*STORED DATA*:
■ ■ ■ ■
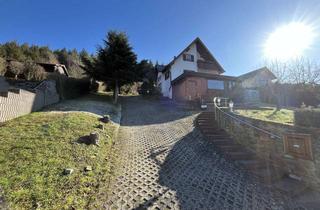 Einfamilienhaus kaufen in 67759 Nußbach, Idyllisches Einfamilienhaus mit großem Grundstück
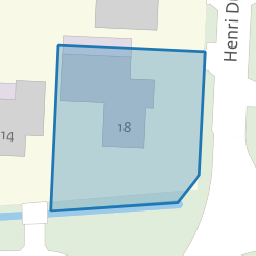 Perceel GEN00-C-1195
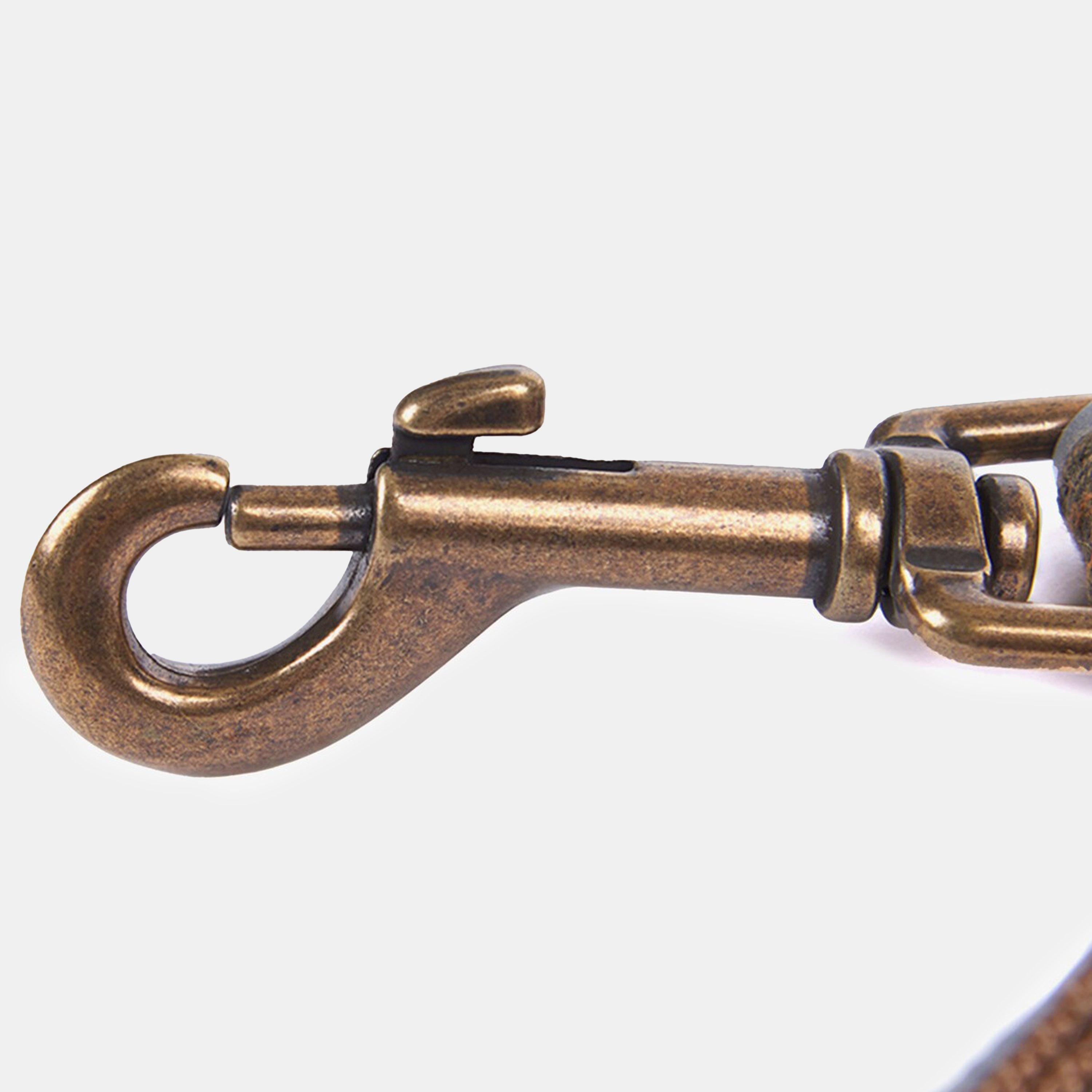 Classic Tartan - Barbour - Tartan Check Dog Lead - 5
■ ■ ■ ■
*WHAT TO DO*: Only text belongs in the copy: repeat each line of the data exactly and leave out the pictures.

*TASK RESPONSE*:
 Einfamilienhaus kaufen in 67759 Nußbach, Idyllisches Einfamilienhaus mit großem Grundstück
 Perceel GEN00-C-1195
 Classic Tartan - Barbour - Tartan Check Dog Lead - 5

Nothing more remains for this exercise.